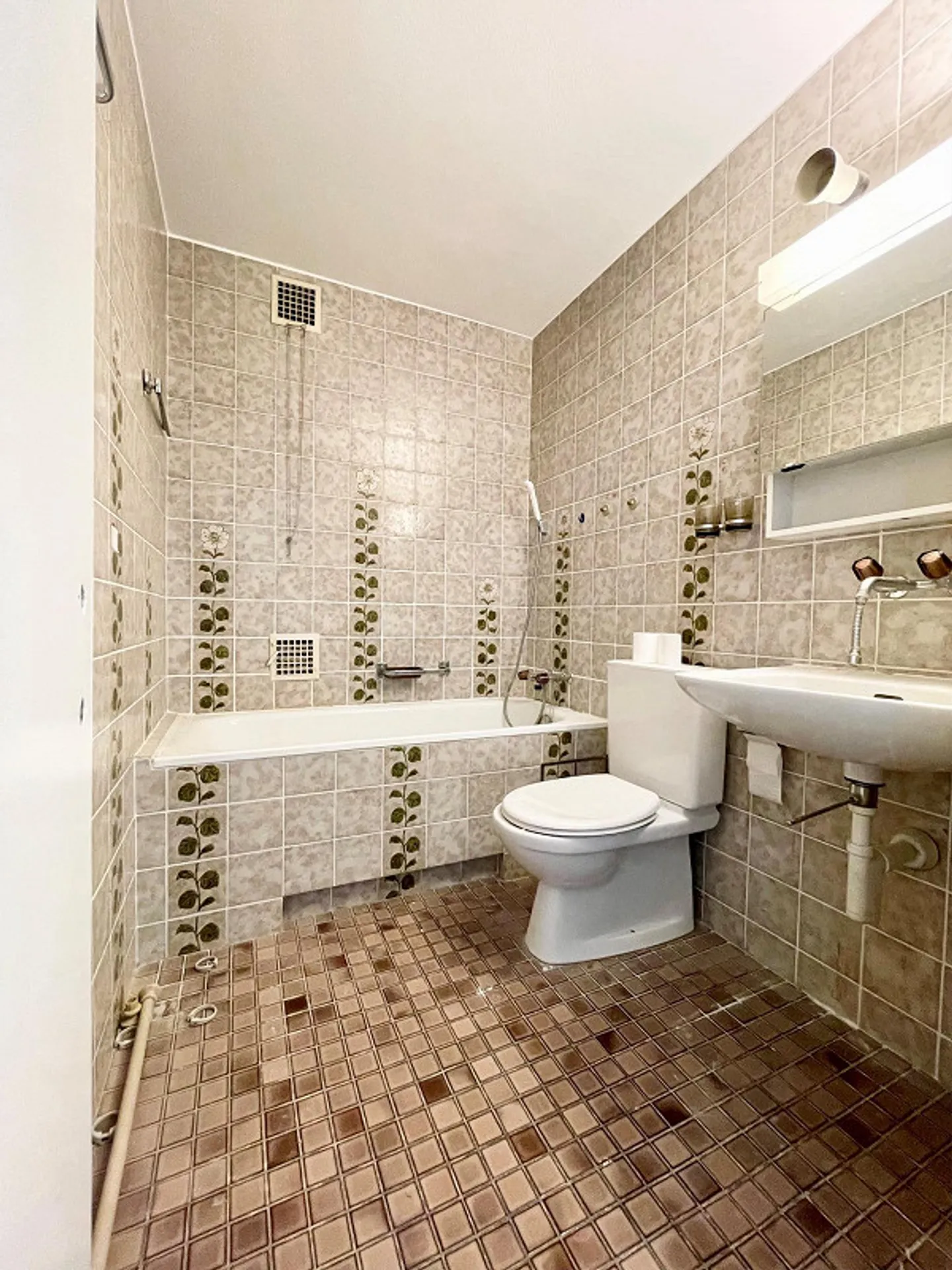 Nel mezzo del villaggio! Tranquillo e centrale, vicino ai mezzi pubblici! - Foto 7 di 7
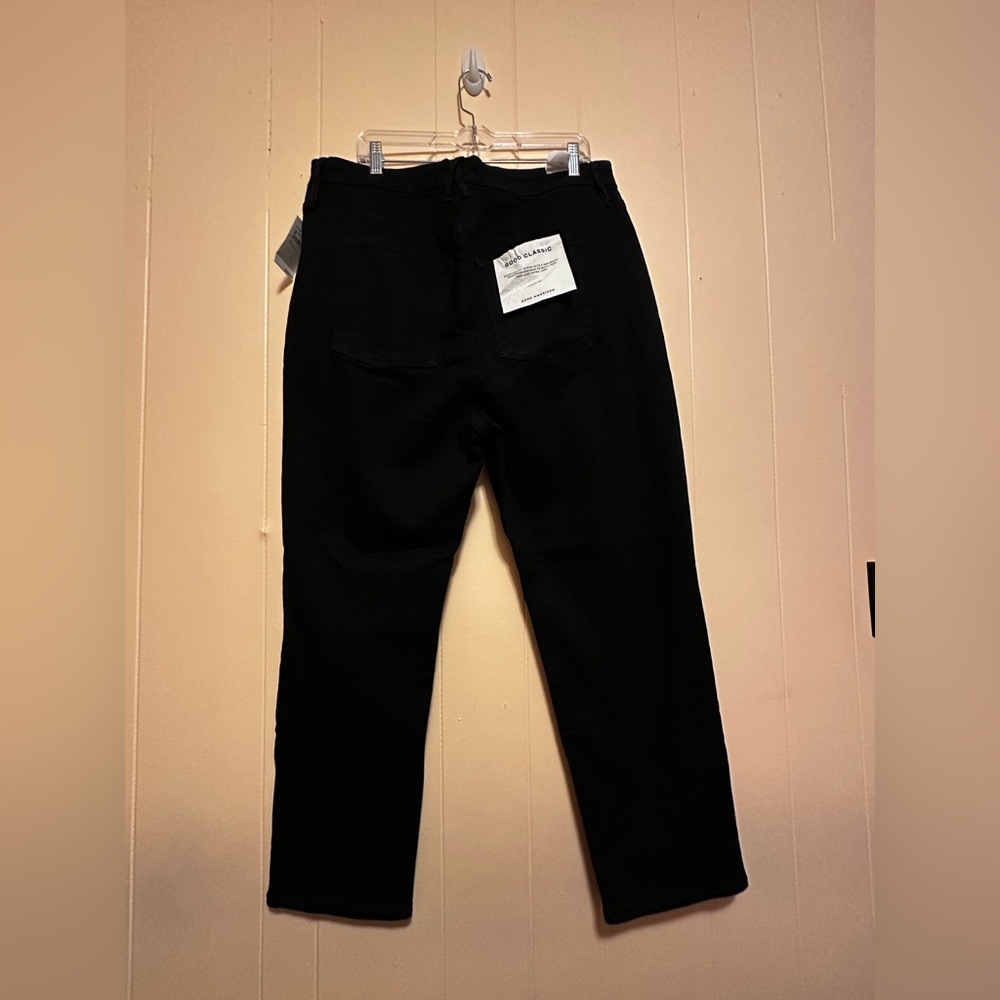 Good American Always Fits Jesns Good
Classic Jeans Sz 20-26 NWT - Picture 3 of 8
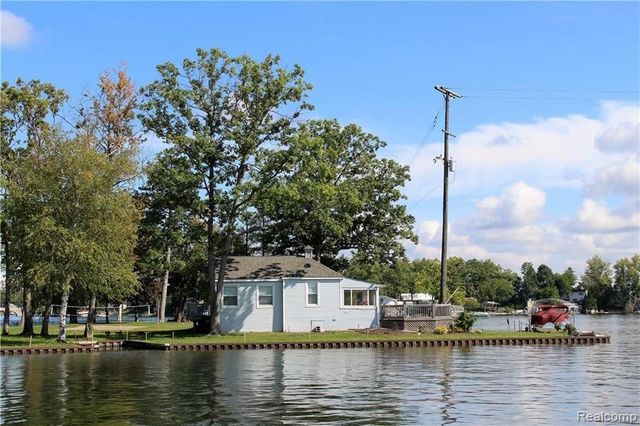 752 Preston Island, Orion Twp, MI 48362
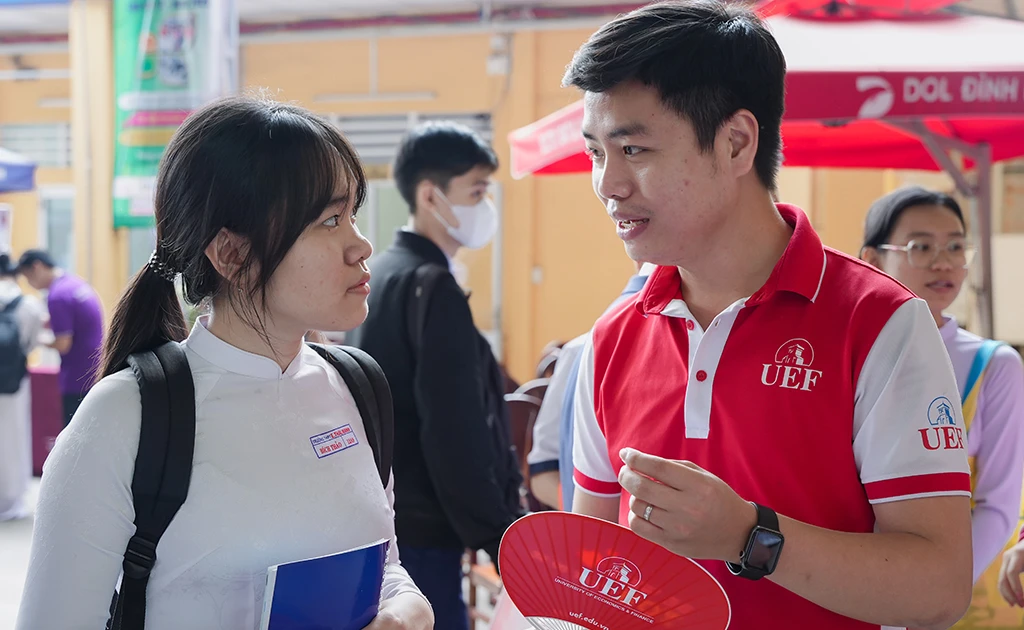 UEF mở cổng nhận hồ sơ săn học bổng 2025 từ 15/1 - Cơ hội nhận 100% học phí đây rồi!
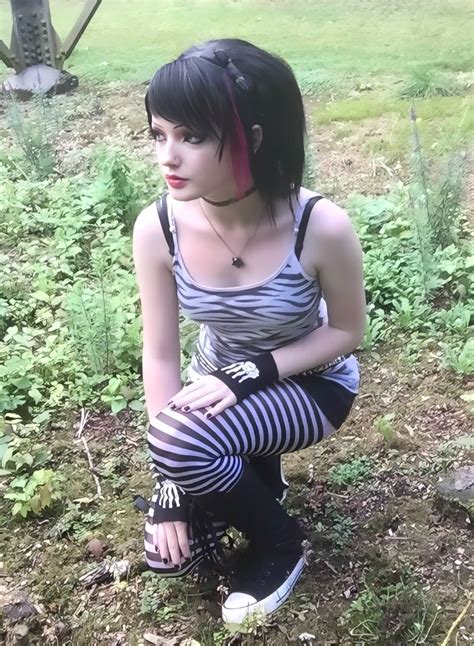 emo outfits 2000s|early 2000s emo background.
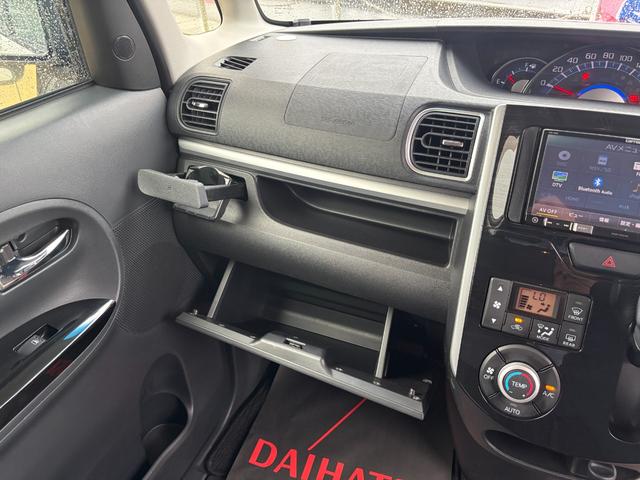 タントカスタムRS トップエディションSAII15インチアルミホイール 大型エアロバンパー LEDヘッドランプ オート格納式カラードドアミラー 本革巻ステアリングホイール 両側パワースライドドア(静岡県)の中古車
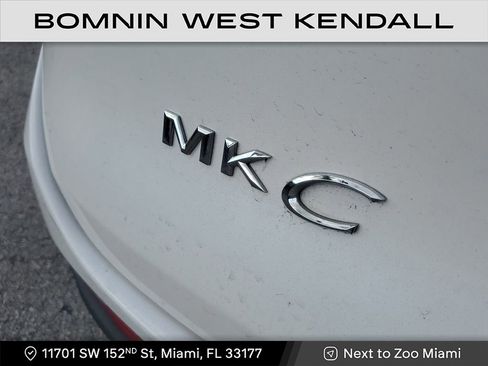 Used 2017 Lincoln MKC Reserve image 12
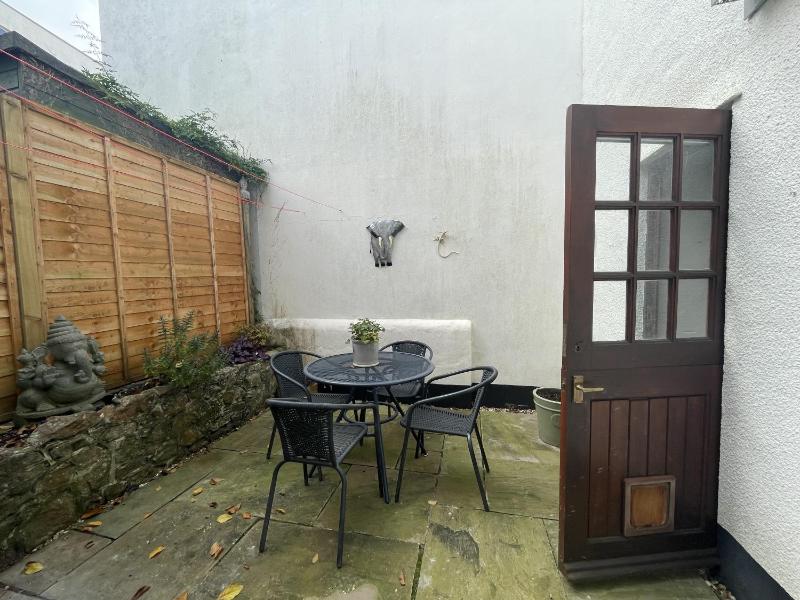 Secluded Garden Sanctuary in Charming Clifton Village - image 8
-------------------------
Every entry above should be restated word for word, with the images left out.

 Nel mezzo del villaggio! Tranquillo e centrale, vicino ai mezzi pubblici! - Foto 7 di 7
 Good American Always Fits Jesns Good
Classic Jeans Sz 20-26 NWT - Picture 3 of 8
 752 Preston Island, Orion Twp, MI 48362
 UEF mở cổng nhận hồ sơ săn học bổng 2025 từ 15/1 - Cơ hội nhận 100% học phí đây rồi!
 emo outfits 2000s|early 2000s emo background.
 タントカスタムRS トップエディションSAII15インチアルミホイール 大型エアロバンパー LEDヘッドランプ オート格納式カラードドアミラー 本革巻ステアリングホイール 両側パワースライドドア(静岡県)の中古車
 Used 2017 Lincoln MKC Reserve image 12
 Secluded Garden Sanctuary in Charming Clifton Village - image 8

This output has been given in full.